Pour les convocations par officier de police judiciaire devant le tribunal correctionnel (COPJ), le délai de traitement (entre la convocation et le jugement au fond) était en 2021 de 11,9 mois, 35 % des COPJ étant jugées dans un délai inférieur à 6 mois.
Le délai moyen de traitement en correctionnelle était, quant à lui, de 10,4 mois en 2021.
La mise en œuvre des procédures prévues par le code de la justice pénale des mineurs a permis une réduction rapide des délais moyens de jugement des mineurs délinquants. Au 30 juin 2022, le délai de jugement sur la culpabilité était de 2,1 mois et celui sur la sanction de 8,3 mois, contre 18 mois avant la réforme. Le soutien aux juridictions qui connaissent les niveaux d'activité les plus élevés sera renforcé.
Le délai de traitement par les parquets des auteurs poursuivis est assez court (3,9 mois en moyenne), avec un délai raccourci en cas de poursuites devant une juridiction pour mineurs (1,8 mois) et prolongé lorsque l'affaire est transmise au juge d'instruction (9,3 mois).
L'objectif en matière civile est de parvenir à un délai moyen de traitement à 13,5 mois fin 2023 et à 11,5 mois fin 2027.
En matière pénale, le délai moyen global visé de décision devant le tribunal correctionnel (de la saisine du parquet à la décision au fond) et devant le juge des enfants et le tribunal pour enfants (de la saisine du parquet au jugement sur la culpabilité) est de 10,4 mois fin 2023 et 8,5 mois fin 2027.
1.2.2. Une nécessité de prendre en compte la spécificité de la situation des Français établis hors de France
La politique de traitement des demandes, en lien avec celle des ressources humaines du ministère, doit être adaptée pour faire face aux enjeux spécifiques de la transcription des actes établis par des autorités étrangères non européennes.
Le ministère de la justice mettra en œuvre :
- un travail renforcé sur les délais liés aux procédures d'opposabilité nécessaires pour vérifier la conformité des jugements étrangers au droit français ;
- une mobilisation renforcée d'agents au sein du parquet du tribunal judiciaire de Nantes ;
- une réflexion sur la compétence exclusive du parquet du tribunal judiciaire de Nantes en matière de transcription d'actes établis par des autorités étrangères non européennes.
1.2.3. Une justice civile et commerciale au cœur des attentes des citoyens
Représentant 60 % de l'activité judiciaire, la justice civile est confrontée à une impérieuse nécessité de maintenir le traitement des affaires dans des délais raisonnables, y compris pour les procédures longues, alors qu'elle est déjà organisée, notamment avec les procédures sur requêtes et en référé, pour faire face à l'urgence. Le déficit d'attractivité des fonctions civiles complique encore davantage le traitement des affaires civiles.
Or, ainsi que cela a été mis en évidence par le groupe de travail sur la justice civile, au-delà de son importance comptable, la justice civile assure la cohésion sociale, car elle permet d'apaiser les litiges entre nos concitoyens et participe au développement socio-économique du pays.
La justice commerciale, organisée, quant à elle, autour des tribunaux de commerce, fait l'objet d'une organisation jugée insuffisamment unifiée et lisible par l'ensemble des acteurs. Il est à noter toutefois que ce constat fait suite au double mouvement à l'œuvre ces dernières années de spécialisation accrue du contentieux commercial et des procédures collectives et de recherche de proximité pour le justiciable, qui nécessite une prise en charge spécifique.
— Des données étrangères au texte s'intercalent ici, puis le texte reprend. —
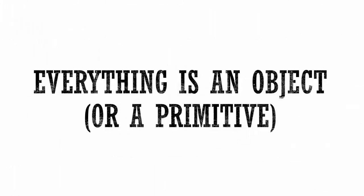Now that we understand the object prototype, we can even more deeply understand what we mean by everything in JavaScript is an object or a primitive.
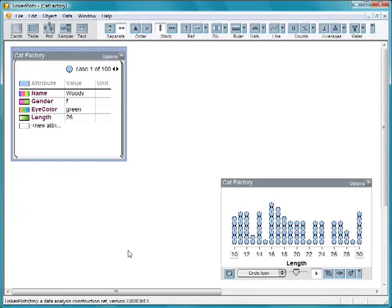In this movie, you will learn how to use TinkerPlot's features to build a data factory. This is a graph of the length in inches of 100 cats.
1.2.4. Une justice pénale insuffisamment lisible
La procédure pénale est devenue de plus en plus complexe et difficile à appréhender, tant pour les professionnels du droit que pour les justiciables. Le code de procédure pénale a fait l'objet d'une inflation normative sans précédent depuis son entrée en vigueur en 1959, passant de 800 à plus de 2 400 articles, en accélération depuis 2008, sous l'effet conjugué de l'adoption de nouvelles politiques pénales, de la transposition de dispositions supranationales et de la prise en compte de décisions jurisprudentielles. Cette évolution génère une incohérence du plan d'ensemble du code, qui ne respecte pas la chronologie de la procédure pénale : ainsi, les règles applicables lors de l'enquête ou de l'instruction sont, par exemple, dispersées dans au moins six parties distinctes du code. Un tel éclatement des dispositions conduit également à des redondances nuisant à la lisibilité d'ensemble de la procédure pénale, à son intelligibilité, à son accessibilité par les justiciables et à la sécurité juridique.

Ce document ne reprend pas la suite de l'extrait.